今回はコンテンツ革命の裏で、日の目を浴びない「電子書籍リーダー」というガジェットについて、SONYのReader「PRS-650」で迫っていきたいと思う。
◆本当に紙のような画面
電子書籍リーダーは電子ペーパー(E-ink)と呼ばれる、液晶や有機ELとは違うディスプレイを利用しており、本当に紙を見ているかのように感じられる。
PRS−650で採用されているディスプレイは以下の性能だ
- 6インチ
- 16階調グレースケル
- 解像度600×800
フルカラー表示が当然となった中、たった16階調しか表示出来ない画面に魅力を感じない人もいるだろう。
筆者は「文庫本の1ページがそのままディスプレイになっている」と想像してもうのが一番妥当だと考えている。
誤解をしてしまってはいけないのが「バックライトのないモノクロ液晶」と「電子ペーパー」は大きく違うということだ。
精細感が非常に高く、実際に紙に印刷されたものが、画面に差し込まれているようにも錯覚するほどである。

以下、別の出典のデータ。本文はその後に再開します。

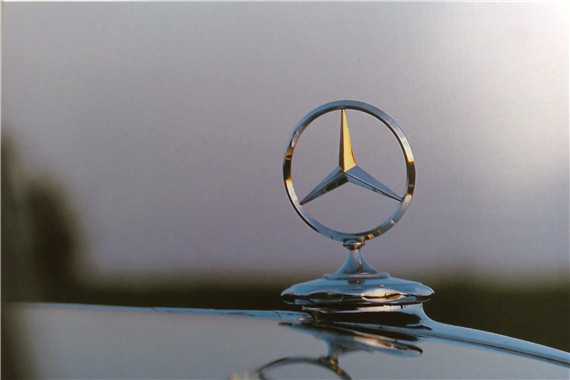 奔驰2020年将再推油电混动车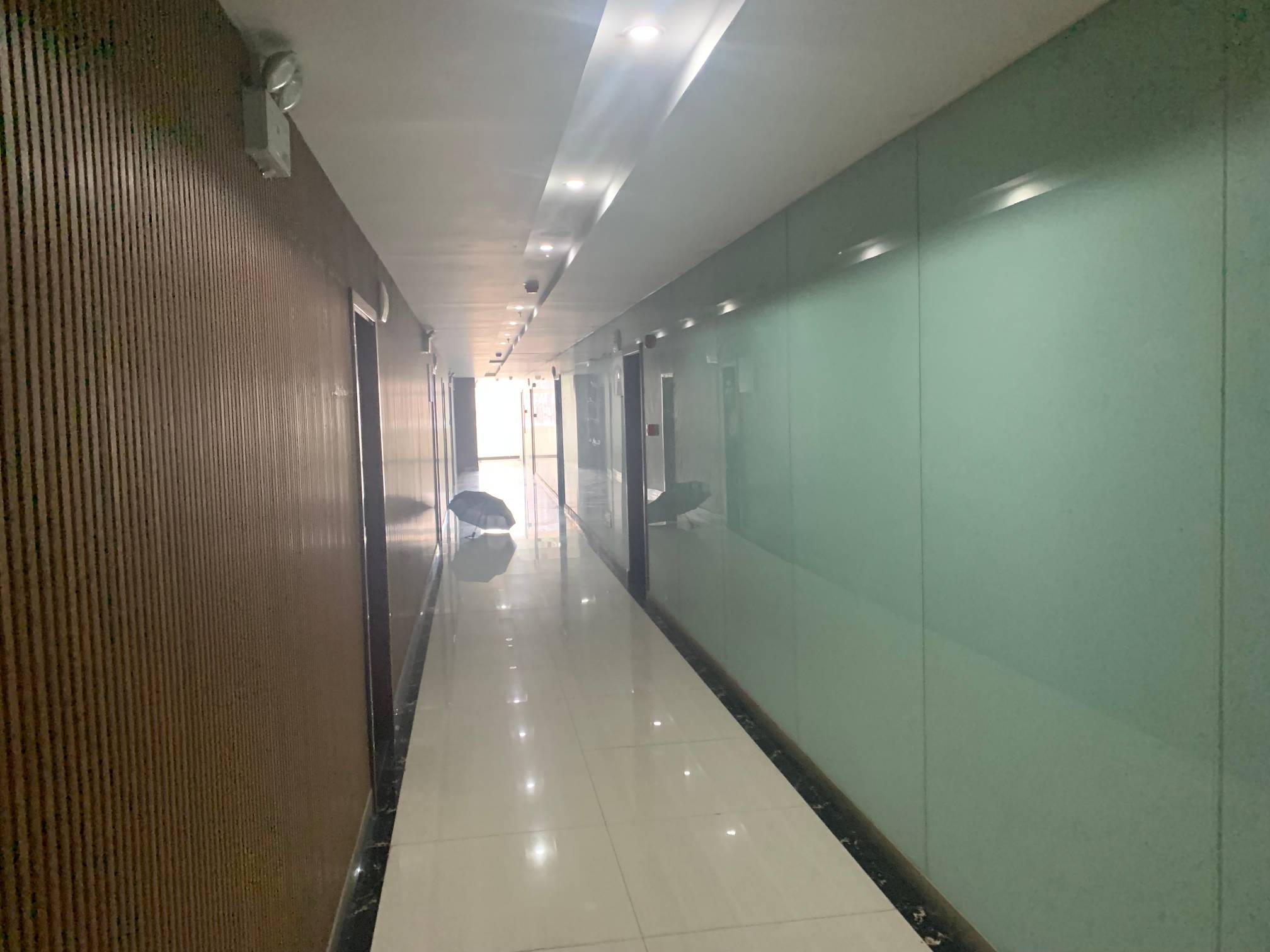 广元市利州区南河办事处北京路（原巴州饭店）9层1-24号营业用房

実際に表示している画像をいくつか掲載するので、精細さを実際の目で確認してほしい。
文字サイズを最小にしても、可読性は高い。
文字サイズを最大にしても、アンチエイリアスの効いた綺麗な文字が表示される。
静止画を表示させた例。
解像度の高い画像では表示が崩れている箇所が見られる。
画面の解像度が800*600のため、画面の解像度に合わせてリサイズすれば、非常に精細感の高い画像を楽しむことが出来る(ただしモノクロ)

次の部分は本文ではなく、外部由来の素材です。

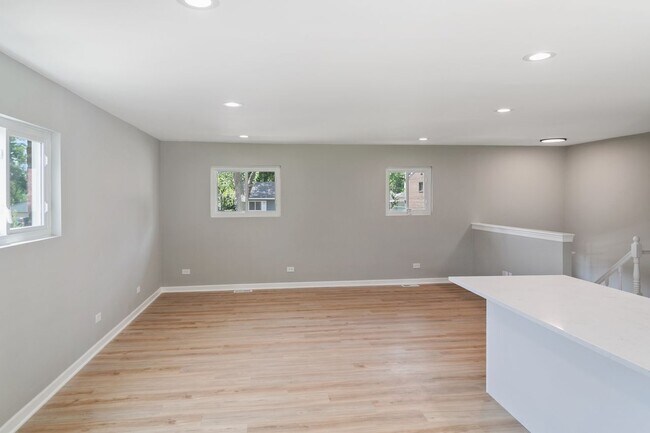 Building Photo - 118 Windsor Ln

逆に電子ペーパーは描画に時間がかかるという弱点も持っている。
昨今の、応答速度の高い液晶になれていると、描画の遅さは大きなストレスに繋がる。
以下の動画が参考になるので、どのような感じがを把握してほしい。
(30秒周辺から、描画の様子を確認できる)
◆優秀な電池の持ち
Readerをはじめとする電子ペーパーを採用した電子書籍リーダーの電池の持ちは非常によい。
普段、スマートフォンは1日に1回から2回。タブレットの場合でも5日に1回は充電を必要とするが、Readerの場合は1週間は余裕で電池が持ち、利用頻度にもよるが2週間は充電の必要が無い。

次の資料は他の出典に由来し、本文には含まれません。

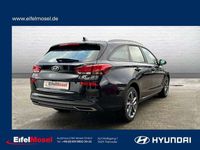 gebraucht Hyundai i30 i30 / Neufahrzeug / Trierweiler Toyota |- 1.0T-GDI 48V DCT**TREND**Navip. /SHZ/FLA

本を読みたいと思ったときに読める。電池の残量を意識する必要もない。充電というストレスから解放されるのはタブレットよりも非常に大きな利点といえるだろう。
◆しかし、コンテンツが無い
これだけの魅力を持っていながら、なぜ電子書籍は普及しないのだろうか。
理由は単純で「コンテンツが無い」からだ。
いくら優秀なビューワがあろうとも、表示するものが無ければ意味が無い。
SONYも公式のストアを運営しているが、本のタイトルは少なく、価格も高い。
読みたいものが無ければ、電子書籍リーダーの価値はこれっぽっちも無くなってしまう。
プレイしたいゲームが無ければ、そのゲームハードを買わないのと同じように、読みたい本が無ければ、電子書籍リーダーを購入する必要はこれっぽっちも見当たらない。
価格の面でも、電子書籍は一度データとして取り込んでしまえば、実際の紙のように、印刷機を動かす必要も、紙に印刷をする必要も無いはずだが、実際の「本」と「データ」が、同じ価格で販売されているのは、どうも納得がいかない。
納得がいかないというよりも、出版側からしてみれば
「電子書籍?ああ、いいよ。実際の紙の本のオマケみたいなもんでしょ?適当にやっておくよ」
「値段を紙の本より低くすると紙が売れないじゃないか!」
といった感覚なのかもしれない。
Amazon Kindleの日本参入によって、既存の市場をかき回し、十分なコンテンツが適切な価格で提供されるようになったとき、初めて電子書籍リーダーは、一般層にも魅力的なガジェットになるのかもしれない。
蛇足だが、筆者は青空文庫やProject Gutenberg – free ebooksで手に入る無料の書籍や、企業が出しているPDFの技術書を読むだけで満足している。情報処理試験の過去問もPDFファイルで無料配布されているので、学習にも役立ち非常に重宝している。